Closed stephenmuss closed 1 year ago

stephenmuss commented 1 year ago

Hi there,

I'm wondering why you elected to use response.raise_for_status() after receiving the response - https://github.com/okigan/awscurl/blob/184d7735b57d5c71f75f52a85cc8c8909226b6d5/awscurl/awscurl.py#L537

Would it not make more sense to return an exit code that is either 0 for a successful request or non-zero for a non-successful request?

This would mean tools such as jq etc could still parse the response without the Python traceback interfering where a non-successful status code may still be anticipated.

Happy to open a PR if it makes sense.

okigan commented 1 year ago

Thanks for looking into it.

If I recall, the intent was that raise_for_status() would raise an exception which would cause a different return code

I've made this repo to show the intent, check out and run venv and test targets.

Is this working as intended?

stephenmuss commented 1 year ago

Thanks for your quick response @okigan. I understand the intention, the main issue with raise_for_status() is that it raises an exception and will print also print a traceback.

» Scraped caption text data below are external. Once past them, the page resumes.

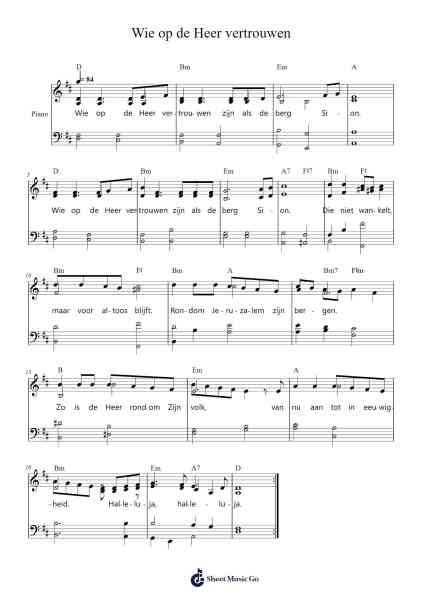 Wie op de Heer vertrouwen Sheet Music by -Arr.Bardries Popelroy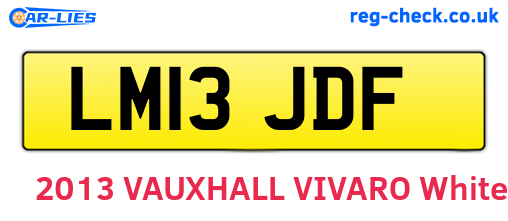 LM13JDF are the vehicle registration plates.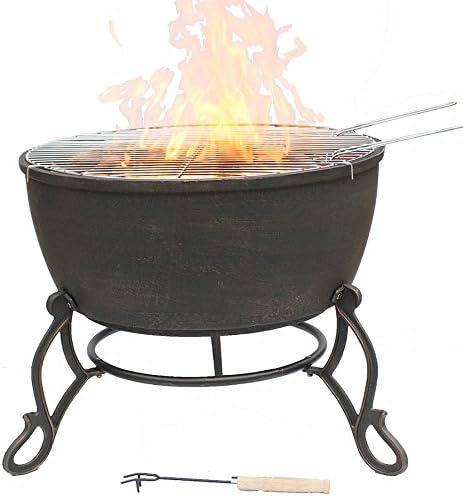 Gardeco MEREDIR Cast Iron Fire Pit Large Bronze Traditional Deep Bowl BBQ Grill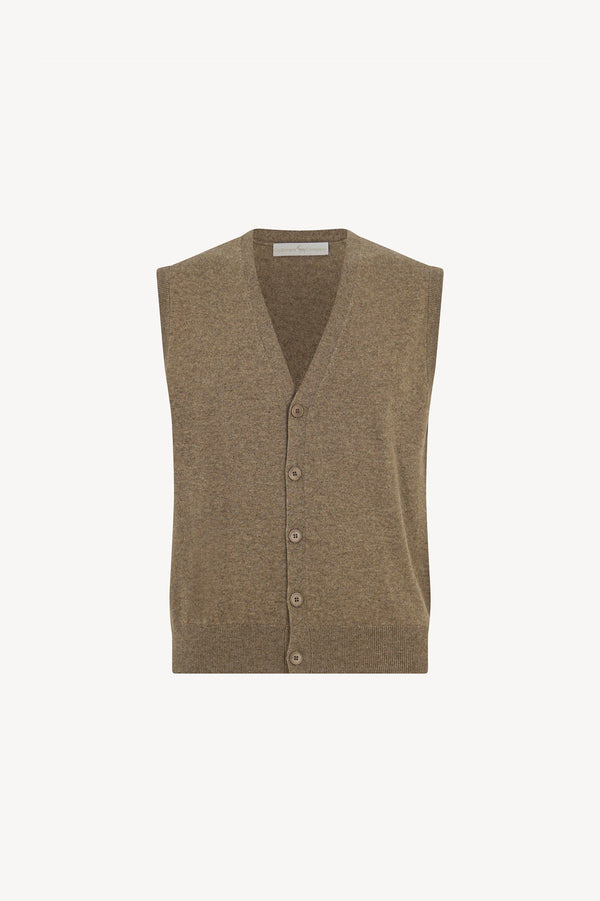 Gilet con Bottoni in Puro Cashmere Dune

As an example, using awscurl to call a lambda function url with something like the following:

awscurl -H 'Content-Type: application/json' -X POST -d '{"foo": "bar"}' --service lambda --region us-east-1 https://foo.lambda-url.us-east-1.on.aws/

I may expect to get a non-200 status code if the payload is incorrect. Currently with raise_for_status() this looks like

{"errors": {"msg": "Some detailed error description"}}
Traceback (most recent call last):
  File "/Users/steve/.local/share/virtualenvs/example/bin/awscurl", line 8, in <module>
    sys.exit(main())
  File "/Users/steve/.local/share/virtualenvs/example/lib/python3.10/site-packages/awscurl/awscurl.py", line 521, in main
    inner_main(sys.argv[1:])
  File "/Users/steve/.local/share/virtualenvs/example/lib/python3.10/site-packages/awscurl/awscurl.py", line 515, in inner_main
    response.raise_for_status()
  File "/Users/steve/.local/share/virtualenvs/example/lib/python3.10/site-packages/requests/models.py", line 1021, in raise_for_status
    raise HTTPError(http_error_msg, response=self)
requests.exceptions.HTTPError: 422 Client Error: Unprocessable Entity for url: https://foo.lambda-url.us-east-1.on.aws/

Whereas this would be more desirable

{"errors": {"msg": "Some detailed error description"}}

If the main intention was to raise a non-zero exit code could I suggest this instead?

    print(response.text)

    exit_code = 0 if response.ok else 1

    return exit_code
stephenmuss commented 1 year ago

I'm happy to open a PR if you are amenable to that.

okigan commented 1 year ago

Yes, PR would be great!

I had a quick look at response.ok and looks like it also calls raise_for_status which would still produce the output you'd like to avoid? Something similar to this could get the behavior you are looking for.

Again, thanks for looking into this.

stephenmuss commented 1 year ago

Thanks @okigan. I have opened a PR in #153 with an explanation of why response.ok is still sufficient. Thanks for being open to the PR and even more thanks for the very handy tool you've written.